FEBRUARY: Nashville’s local NPR affiliate reported on our emerging graduate unionization campaign.
GWU continued to collect signatures as the Spring semester began, but we soon realized that the strategy was flagging. Met with substantial resistance from school administrators (who told graduate students in public communications that they were better off without a union), and faced with the reality that graduate workers on our campus needed more time to learn about the unionization issue before we could take an informed vote, GWU suspended the card-signing drive and began an independent, issue-focused campaign that aimed to rally students behind particular grievances that had emerged from months of discussions about our working conditions.
We began with a proposal that we knew was popular around campus: adding dental and vision coverage to our student insurance plan. We distributed a petition that soon went viral, collecting signatures from 259 graduate workers representing dozens of departments and programs. Our petition got the attention of two administrators, Provost Susan Wente and Dean Keivan Stassun, who made time to meet with us about the issue. During the meeting, Stassun and Wente told us that adding dental and vision to our insurance, if that was a priority, would require cutting other benefits, such as professional travel support, for graduate students. Our takeaway from the meeting was that seeking substantive improvements to employee benefits for graduate workers will be a zero-sum game until we have a strong union that can participate in setting the terms of a binding employment contract.
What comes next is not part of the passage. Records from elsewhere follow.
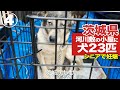 【身勝手】茨城県の河川敷の小屋…中には保護が必要な犬２３匹④#390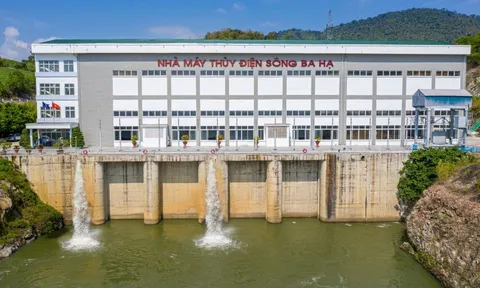 Những thông tin về quy mô và tình hình kinh doanh của thủy điện Sông Ba Hạ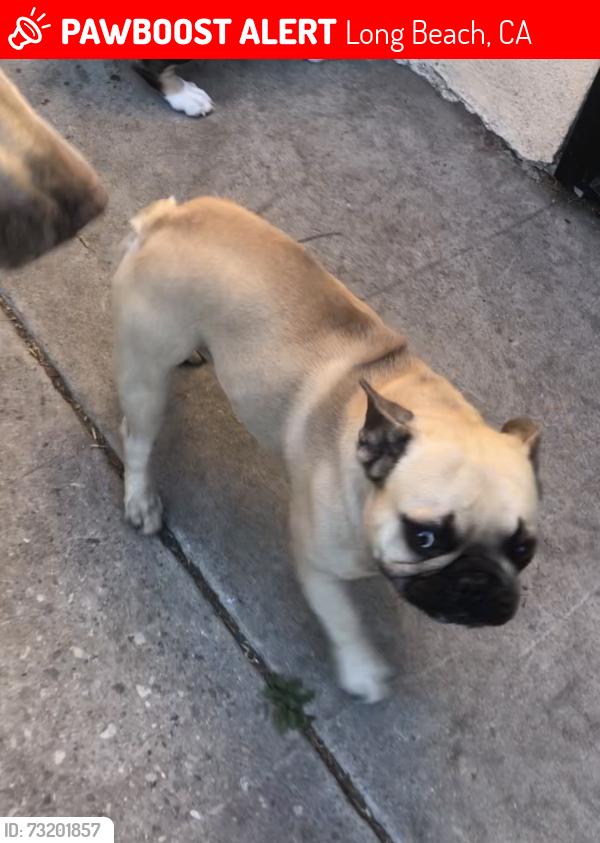 Lost Male Dog last seen 19th street and Caspian Avenue, Long Beach, CA 90810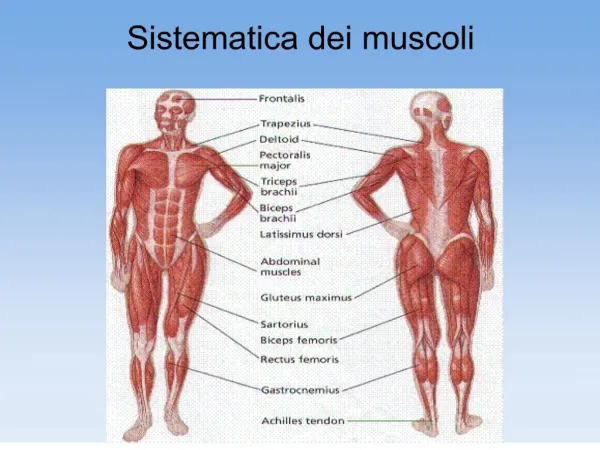 sistematica dei muscoli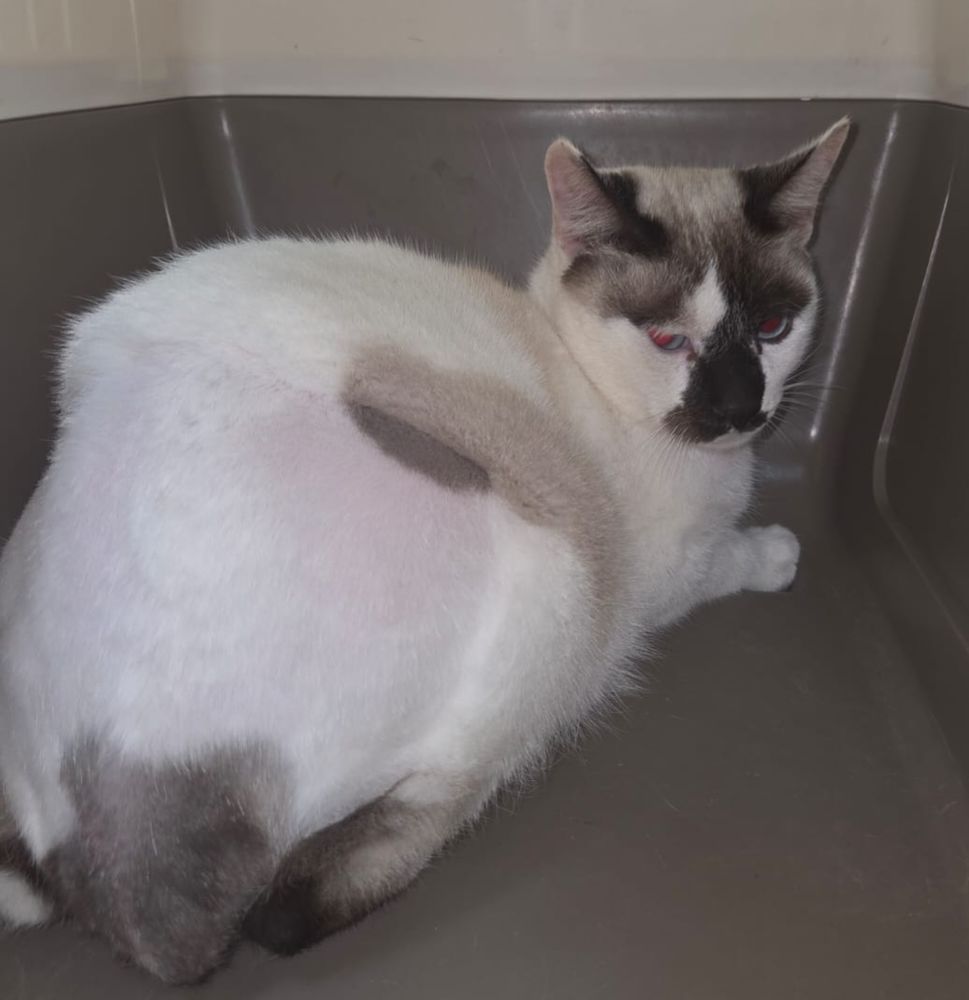 RAFAELO 230 27620 Gasny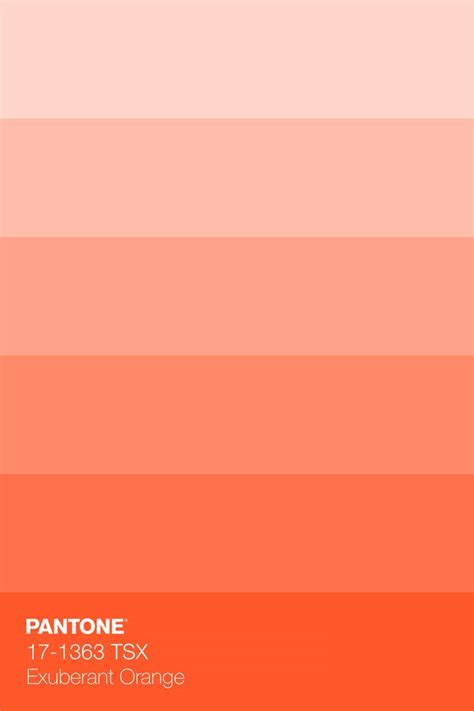 Pantone Tsx Exuberant Orange Colour Tint Pantone Color Chart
Late in the summer of 2016, the National Labor Relations Board (NLRB) ruled that graduate student workers at private universities had the legal right to unionize and were entitled to collective bargaining under the National Labor Relations Act. Overturning legislation from 2004, the NLRB’s decision opened the floodgates for graduate student unionization drives, and within days campaigns began to appear on campuses across the country. Shortly after the ruling came down, graduate students at Vanderbilt began to meet and discuss the possibility of forming a union. It was out of these discussions that Graduate Workers United was born. Beginning from a core group of graduate students in the humanities, we grew the organization first through discussions with friends and colleagues, and then through a series of meetings organized around the question: What would improve working conditions at Vanderbilt? It was in these meetings, attended by graduate students from departments across the university, that we began to articulate a shared vision for what a union could do at Vanderbilt. Among the issues discussed at these meetings were graduate worker pay, insurance (specifically adding dental and vision), travel support, childcare options, mental healthcare, recreation and parking fees, the professional grievance process, and more.
Convinced that there was popular support for a graduate student union at Vanderbilt, we partnered with organizers from the Service Employees International Union (SEIU), and began a blitz-style card campaign intended to collect the signatures necessary to call for a campus-wide vote on unionization. Over the course of the fall semester, we collected over 220 cards from students in over a dozen departments. This effort expanded and diversified our organizing committee and raised the profile of the union campaign on campus.